Environmental Variables in Constrained Ordination (e.g. CCA, RDA, DCCA)


Choice of variables - The choice of environmental variables greatly influences the outcome of CCA and other constrained ordinations.  For an exploratory analysis, one should certainly include variables which are thought to be related to the most important determinants of species composition. However, it is also often desirable to include other variables which are easy and inexpensive to measure - one may be surprised and find that previously unsuspected factors are quite important. In any case, one can always remove superfluous variables if they are confusing or difficult to interpret. On the other hand, the choice of variables for a hypothesis-driven analysis must be very careful, because post-hoc removal of variables is not valid.  See Hypothesis-driven and Exploratory Data Analysis.

It is possible to have only one environmental variable in a constrained ordination. In this case, the species scores indicate how species are arranged along this variable. Since such an ordination is 1 - dimensional (i.e. there is one 'canonical axis'), it is not possible to produce a 2-dimensional figure, and the results are better presented in tabular form.  However, you can produce a 2-dimensional image in which the second axis is the first "residual" axis.
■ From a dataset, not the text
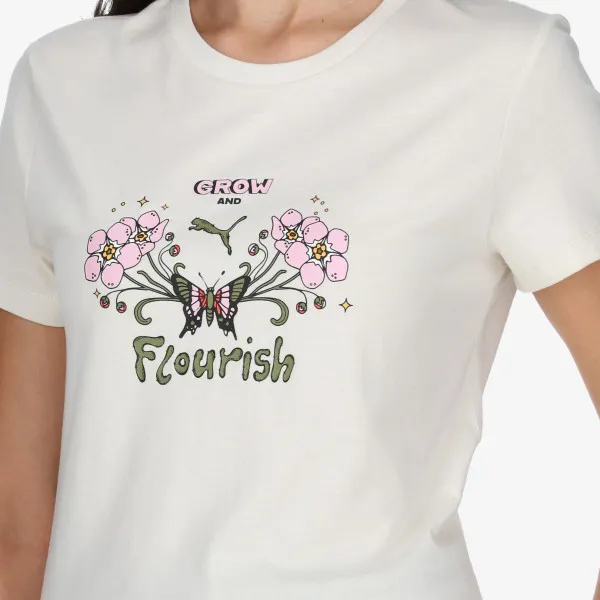 Puma Graphics Grow & Flourish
If you have at least as many variables as you have samples in CCA, then your ordination is no longer 'constrained', and your sample and species scores are the same as in correspondence analysis.  Another way of saying this is that you have explained 100% of the variation in species composition due to overfitting.  See Multiple Regression.  If you consider this overfitting to be undesirable, see Reducing the number of variables.

Interaction terms - Interaction terms are easy to implement in CANOCO, but they are often extremely difficult to interpret. If one suspected, for example, that elevation and precipitation interacted to influence species composition, then one could introduce a variable which is the product of elevation and precipitation. However, the ecological meaning of the location of particular stands or species in ordination space with respect to such a compound variable is unclear.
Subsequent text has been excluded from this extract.